As reported in recent systematic reviews [25,54], AI techniques, especially supervised machine learning techniques, are extensively used for building black-box models for glucose prediction. The most used method is NN, but other machine learning methodologies, such as random forest, support vector regression, regression algorithms and deep-learning techniques. For example, long short-term memory (LSTM) networks, are increasingly being adopted. In the two subsections below we review some of the most relevant state-of-the-art approaches for the prediction of interstitial glucose concentration level (Section 5.1) and hypoglycemic events (Section 5.2). For a systematic literature review on these topics, we refer the reader to [25,52,54].

5.1. Prediction of Interstitial Glucose Concentration Level

Most of the prediction algorithms in the literature approach the problem of glucose prediction as a regression problem, in other words they seek to predict the value of interstitial glucose concentration with a prediction horizon (PH) typically below 60 min (30 min is the most frequent PH value) [52]. Interstitial glucose predictions can be used to generate predictive alerts, when for example, the predicted glucose value exceeds a certain high/low glucose threshold, an alarm is generated (Figure 4).
One of the first AI algorithms for glucose concentration forecasting was proposed by Pérez-Gandía et al. in 2010 [55]. In this work, the authors developed an NN for 30-min ahead glucose prediction based on the CGM data collected in the previous 20-min time-window. In particular, the network architecture had three layers with a first layer of 10 neurons and a second layer of five neurons. These layers had a sigmoidal transfer function, with totally connected and feed-forward neurons. This type of algorithm has recently been included in a prototype of a mobile DSS to support patients with T1D in daily management decisions [56]. More recently, Zecchin et al. [53] have proposed using a jump NN, i.e., an NN with inputs directly connected to both the hidden layer and the output, and with four inputs: CGM reading, its first-order derivative, injected insulin and ingested carbohydrates.
In 2018, a dataset for benchmarking glucose prediction algorithms (the OhioT1DM dataset) was released by Ohio University in combination with The Blood Glucose Level Prediction Challenge (BGLP) at The 3rd Workshop on Knowledge Discovery in Healthcare Data (KDH), whose aim was to compare the efficacy of different machine learning prediction approaches on a standard set of real patient data.
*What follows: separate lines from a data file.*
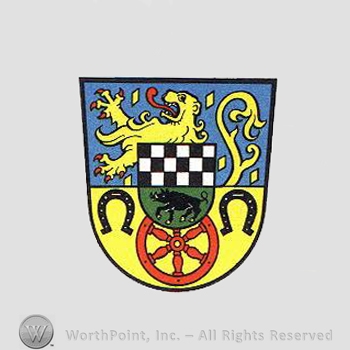 Heraldry: shield, lion, wheel, horse shoe, chequered field, boar.
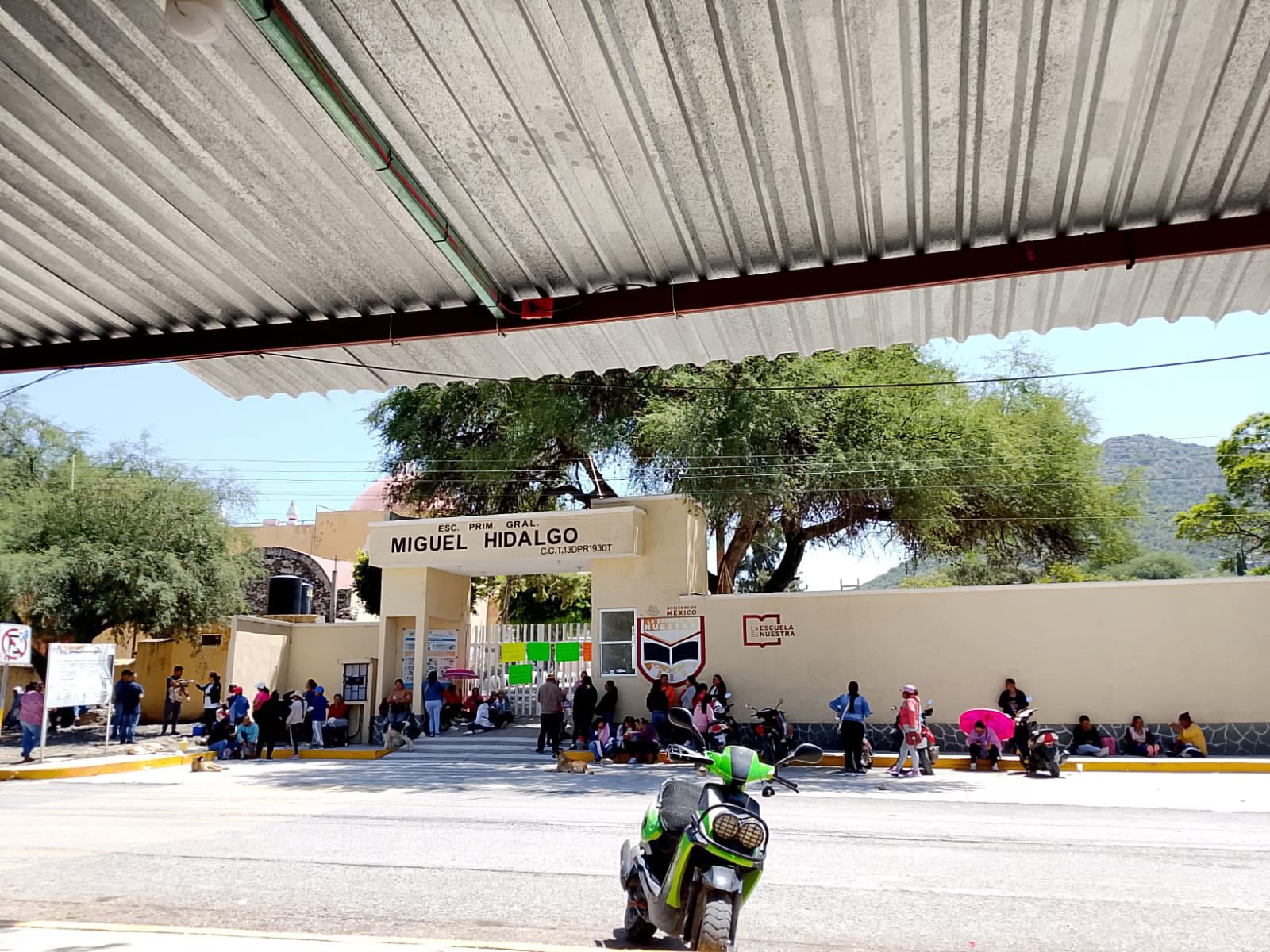 Padres de familia exigen maestros y destitución de directora en primaria de Chilcuautla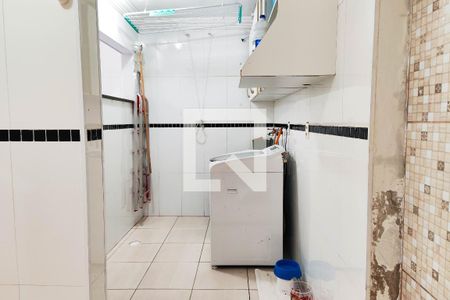 Casa à venda com 180m², 3 quartos e 2 vagas Casa à venda com 180m², 3 quartos e 2 vagasÁrea de Serviço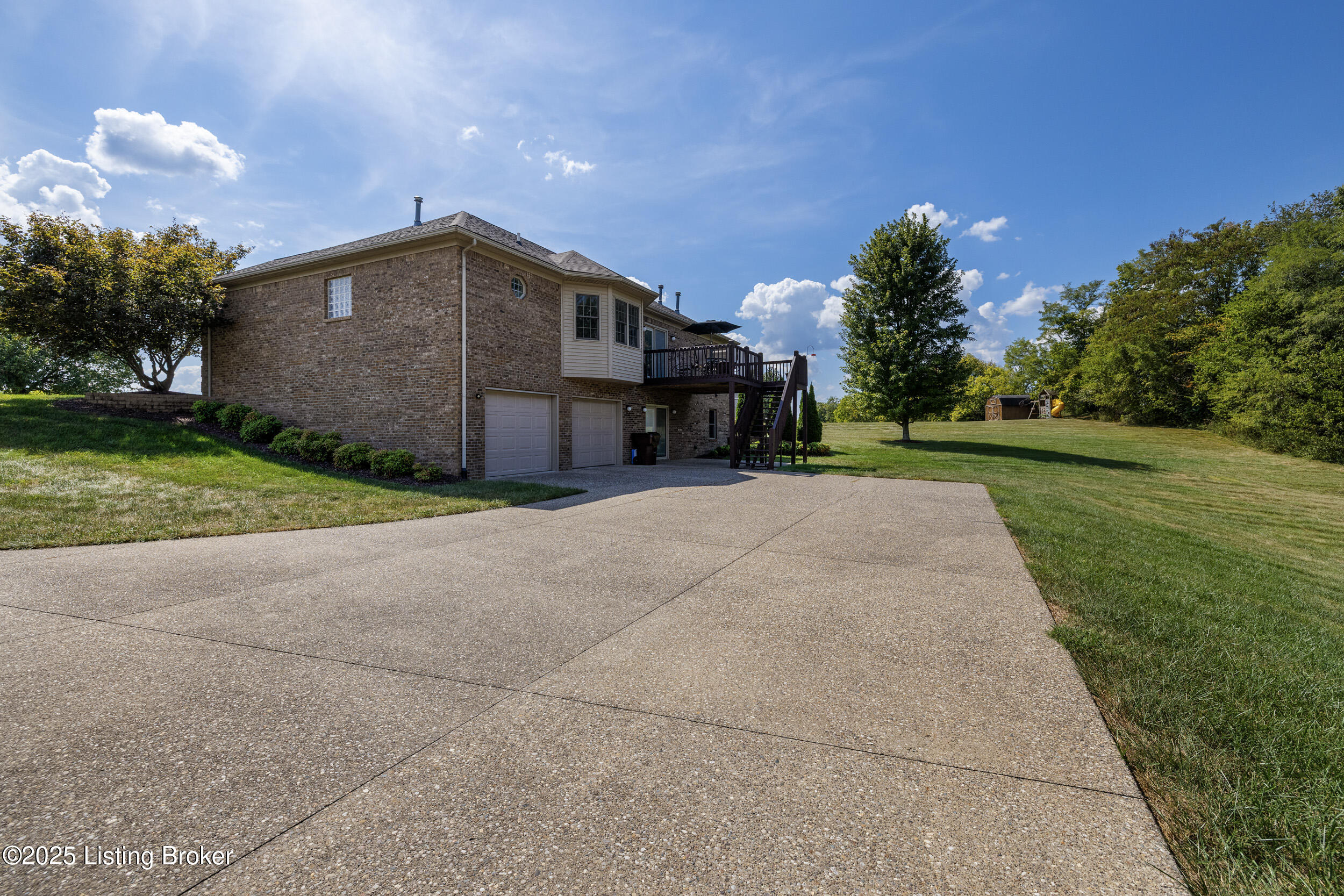 650 Foxmoore Dr Property Photo 40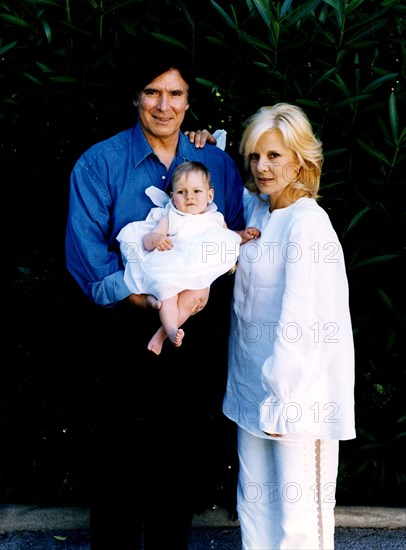 Sylvie Vartan, son mari Tony Scotti, et leur fille adoptive, Darina
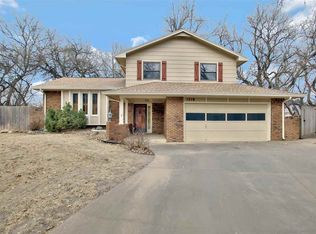 1218 E Oakwood Ct, Derby, KS 67037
In 2020, the dataset was extended in the occasion of the 2nd edition of the BGLP challenge [57].
Recently, Xie and Wang compared the performance of several black-box prediction algorithms on the OhioT1DM dataset [58]. In particular, they considered the Autoregressive model with exogenous inputs (ARX), elastic net, LASSO, Ridge and Huber regressions, gradient boosting trees, random forest, support vector regression (SVR) and two deep learning approaches: LSTM and Temporal Convolution Network (TCN). All the methods were assessed considering 30-min PH and different input configurations, i.e., CGM + insulin, CGM + carbs, CGM + insulin + carbs, CGM + insulin + carbs + heart rate, over the past 15, 30, 45, 60 min. The prediction performance was assessed using two commonly used metrics: the root mean squared error (RMSE) between the CGM profile and the predicted profile, and time gain (TG), i.e., the difference between the PH and the delay between the CGM profile and the predicted profile.
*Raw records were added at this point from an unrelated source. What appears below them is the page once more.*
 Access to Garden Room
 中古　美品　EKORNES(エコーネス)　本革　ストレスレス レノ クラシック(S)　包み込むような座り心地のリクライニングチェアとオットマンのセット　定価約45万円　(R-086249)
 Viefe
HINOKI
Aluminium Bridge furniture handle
The best results were achieved by considering all of the available inputs in a 45-min time-window before the prediction time. The models showing best performance in terms RMSE were ARX, Ridge regression, linear SVR, LSTM, and TCN, with RMSE between 19 and 20 mg/dL. The maximum TG was achieved for Gradient boosting trees and LSTM, which made it possible to predict the CGM data, on average, 7 min in advance. Considering both of the metrics, the models that performed better were linear SVR and TCN with RMSE around 20 mg/dL and a TG of about 6 min.
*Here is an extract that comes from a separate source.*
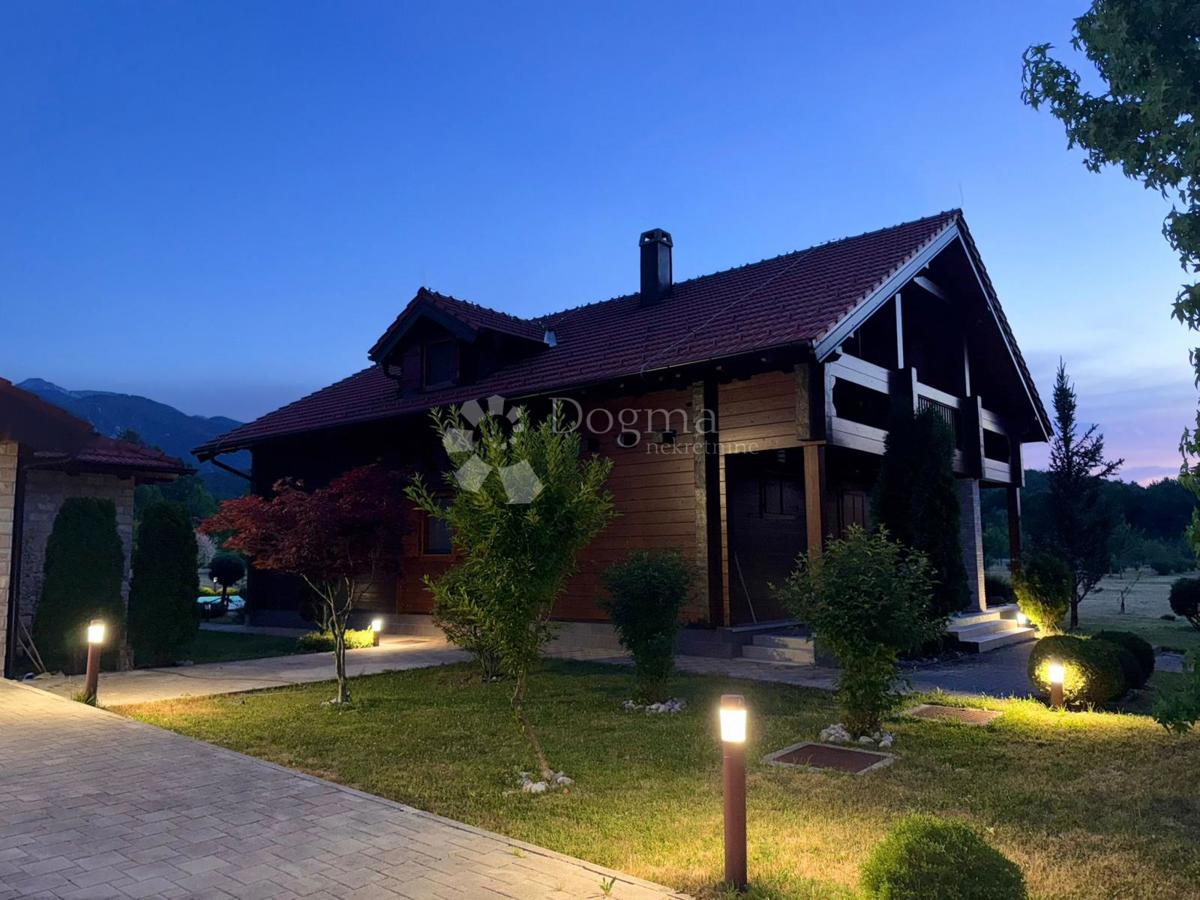 Hiša Raduč, Lovinac, 350m2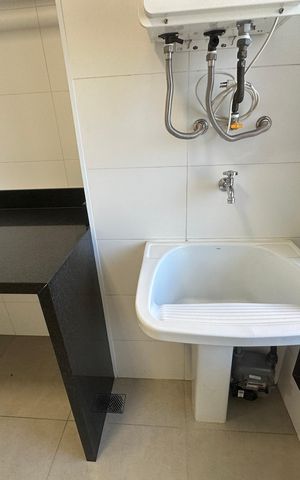 Apartamento para alugar com 228m², 3 quartos e 4 vagas Apartamento para alugar com 228m², 3 quartos e 4 vagasÁrea de Serviço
5.2. Hypoglycemic Event Prediction

Most studies on glucose prediction have focused on forecasting future glucose concentration levels using a regression approach, usually with a short PH (e.g., 30 min). However, sometimes in order to prevent the occurrence of certain events more efficiently, a prediction with a larger PH, e.g., 2–3 h, is desirable. For example, consider a scenario in which a patient overestimates the insulin bolus for a meal (for instance, because the patient overestimates meal carbs) and because of the excessive insulin dose experiences hypoglycemia 3 h after the meal. If the patient has used a DSS with a short-term prediction algorithm, a predictive alert might be generated 30–15 min before the event. In this way, the patient would be able to avoid, or mitigate, the event by eating additional carbohydrates. However, the best scenario would be to alert the patient of the risk of post-prandial hypoglycemia at the time of meal bolus, so that the patient could decide to reduce the meal insulin bolus amount, thus avoiding hypoglycemia and the need to consume extra carbs. To implement this strategy, algorithms allowing glucose prediction over a longer PH, e.g., 2–6 h, are required. On the other hand, predicting the exact glucose concentration level over such a long PH would be a very challenging task.
For this reason, some researchers are currently investigating techniques to predict whether or not a specific event (e.g., hypoglycemia) will, or could, occur in a certain time-window, without attempting to predict the exact glucose concentration level. In this case, the glucose prediction problem becomes a classification problem, whereby the outcome could be, for example, a binary variable, with 1 indicating the event occurred and 0 indicating that no event was observed in the predefined time-window.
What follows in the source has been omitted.